Scientists
are sifting through their first new views of the planet Mercury in more than
three decades thanks to images beamed home by NASA's MESSENGER probe.
The
car-sized spacecraft zipped
past Mercury in a Monday flyby and is relaying more than 1,200 new images and
other data back to eager scientists on Earth.
"Now it's
time for the scientific payoff," MESSENGER principal investigator Sean Solomon
of the Carnegie Institution of Washington told SPACE.com after the flyby.
"It's just a complete mix of results that we're going to get."
In one new
image, released today, the planet's stark surface is shown peppered with small
craters, each less than a mile (1.6 km) in diameter and carved into an area
about 300 miles (482 km) across. MESSENGER used its narrow-angle camera to
photograph the scene, which is dominated by a large, double-ringed crater
dubbed Vivaldi after the Italian composer. While the crater was last seen by NASA's
Mariner 10 probe, MESSENGER's camera observed it with unprecedented detail,
researchers said.
Another new
view reveals the first look at the half of Mercury left uncharted by Mariner
10.
"It is
already clear that MESSENGER's superior camera will tell us much that could not
be resolved even on the side of Mercury viewed by Mariner's vidicon camera in
the mid-1970s," said MESSENGER researchers at the Johns Hopkins University's
Applied Physics Laboratory (JHUAPL) in a Wednesday statement. JHUAPL engineers
built MESSENGER for NASA and are managing its $446 million mission for the
space agency.
MESSENGER,
short for MErcury Surface, Space ENvironment, GEochemistry, and Ranging,
trained its seven instruments on Mercury on Monday for the first of three
planned flybys to guide itself toward a March 18, 2011, arrival into orbit
around the small, rocky planet. The mission is the first to visit Mercury since
1975, when Mariner 10 made its third and final swing past the planet.
"These
flybys are the only time that we fly by the surface of Mercury at low latitude
near the equator," Solomon said.
MESSENGER
is due to make a second rendezvous at Mercury in October, then swing by on
third pass in September 2009. The probe launched in August 2004 and flew by
Earth once and Venus twice during its 4.9 billion-mile (7.9 billion-kilometer)

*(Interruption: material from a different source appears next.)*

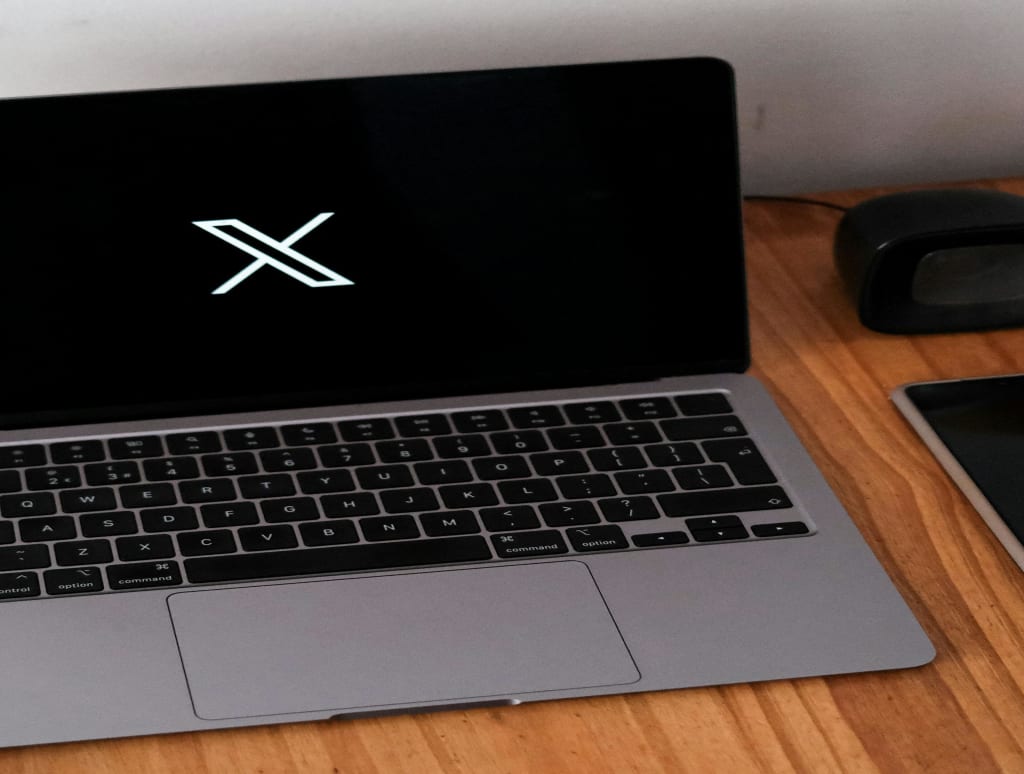 Laptop with X Social Media Icon on Desk. Elon Musk's Trump support drives 700k users from X to Bluesky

trek toward Mercury orbit.
During
Monday's flyby, MESSENGER skimmed just 124 miles (200 km) above Mercury's
surface and snapped photographs of about half of the estimated 55 percent of
the planet that remained uncharted after Mariner 10's mission. In addition to
imagery, the probe is expected to return a wealth of new observations made by
its seven instruments to scrutinize Mercury's
surface composition, magnetic field, tenuous atmosphere, unusually high
density and other features.
"It will
take upwards of a week to get all of the data off the spacecraft," said
MESSENGER systems engineer Eric Finnegan before the Monday flyby. "Within that
week, the scientists will start receiving some of the images of the flyby and
processing that data."
Researchers
hope MESSENGER's findings will not only answer
long-standing questions about Mercury, but also shed new light on how
planets formed in the early days of the solar system. The probe will generate
complete maps of Mercury's surface, measure the planet's gravitational field
and search for any hints of ice at the bottom of permanently shadowed craters
near the poles as part of its mission.
"I just can't
wait," said Mark Robinson, a MESSENGER science team member at the University of Arizona. "I want to see what's around the corner."